Outside court. a relieved Hankin contacted loved ones to tell them the news and said he would now be seeking a tribunal hearing.

He said he felt internal disciplinary procedures within Wrexham County Borough Council – under which he was dismissed for not sticking to procedures – should have awaited the outcome of the criminal trial.

“Really I feel that this has been a witch-hunt for two years,” he said.

“It has destroyed my life. It has caused me psychological problems and it has caused myself, my partner, my ex-wife and my child a lot of distress.”

Hankin said he now wanted to “start to see what I can do in terms of a tribunal to clear my name”.

He said: “I feel the disciplinary procedures should have taken place after the trial.

“All I have done is work hard. I loved teaching.

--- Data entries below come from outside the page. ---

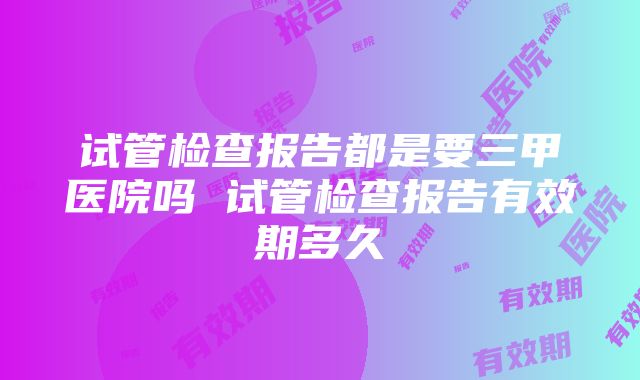 试管检查报告都是要三甲医院吗 试管检查报告有效期多久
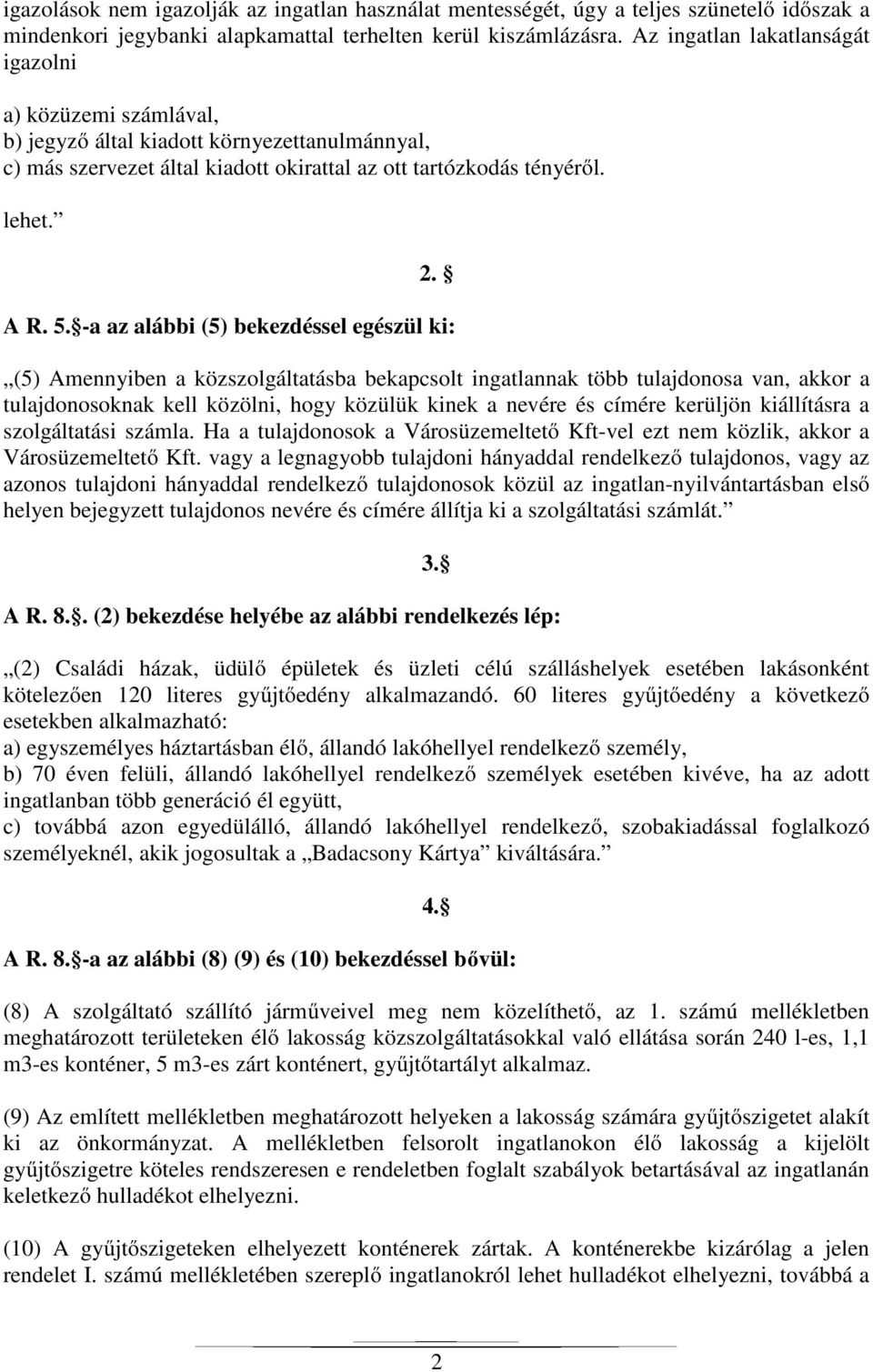 -a az alábbi (5) bekezdéssel egészül ki: (5) Amennyiben a közszolgáltatásba bekapcsolt ingatlannak több tulajdonosa van, akkor a tulajdonosoknak kell közölni, hogy közülük kinek a nevére és címére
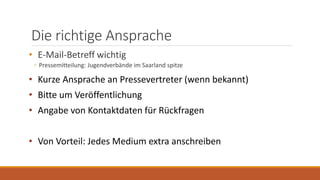 Die richtige Ansprache
• E-Mail-Betreff wichtig
◦ Pressemitteilung: Jugendverbände im Saarland spitze
• Kurze Ansprache an Pressevertreter (wenn bekannt)
• Bitte um Veröffentlichung
• Angabe von Kontaktdaten für Rückfragen
• Von Vorteil: Jedes Medium extra anschreiben
 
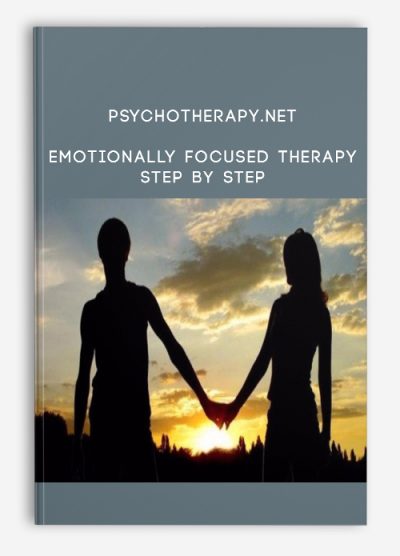 Psychotherapy.net – Emotionally Focused Therapy Step by Step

But I have not been near a school in two years.

“I was not able to do the job I had the ability to do.”

Hankin conceded he did have an impetuous nature and often made off the cuff decisions which could appear arrogant to others.

“But in all that I have done, I always had the children’s interests at heart,” he said.

Mold Crown Court heard how Hankin, of St George’s Road, Rhos-on-Sea, was suspended when it was allegedt he had entered into a lease agreement for two  personal Apple Mac laptops which were charged to Ysgol Gwenfro on the Caia Park Estate, where he had become headmaster a few months earlier.

Checks were made it was alleged he had done the same thing at his previous school, Ysgol Tanyfron at Wrexham, involving two other Apple Mac computers.

He denied that two of the computers were used as Christmas presents for his partner and son.

Hankin pleaded ‘not guilty’ to two charges of fraud while in a position of trust dating back to 2014 and 2015 and the jury of eight women and four men formally found him not guilty.

Prosecuting barrister John Philpotts alleged he defrauded the two primary schools by abusing his responsible position as headmaster in order to acquire IT equipment without authority for his unauthorised personal use.

At Ysgol Gwenfro two Apple Mac laptop computers had been obtained on a three year lease at £370 a quarter.

It would have cost the school £4,460.

He alleged that the headmaster had not used the proper procedures to obtain them and had not sought the approval of governors to enter into that agreement on behalf of the school.

The auditor carried out checks at the defendant’s former school, Ysgol Tanyfron.

It was found that he had entered into an unauthorised financial agreement at that school over two laptops.

The deputy head-teacher had recalled seeing two Apple Mac laptops on his desk and it was alleged that he had told her that they were Christmas presents for his wife and son, a claim he later denied.

Mr Philpotts said that the two computers were eventually returned, one in a damaged state.

Hankin said he became head at Ysgol Tanyfron in Wrexham in 2012 and while there was also asked to take on the acting headship at St Mary’s in Brymbo.

At Easter 2015 he was appointed head at Ysgol Gwenfro.

He had procured a number of items of equipment, not simply the four laptops subject to the fraud charge.

Hankin said he did not always go through the local authority procurement scheme, but said he did not believe he was doing anything wrong.

He believed that he was operating within his credit limit of £15,000 where he did not need governors’ approval.

He  “never conceived” that he would keep any equipment for himself or that he was putting a school at risk of financial loss.

He had definitely not considered his actions dishonest.

“Nothing was hidden at all,” he said. 

He denied that computers had been “wiped” to hide what they had previously been used for.

Defending barrister Duncan Bould said that his client had been transparent and that delivery notes and other documents relating to the computers were available at the schools for all to see.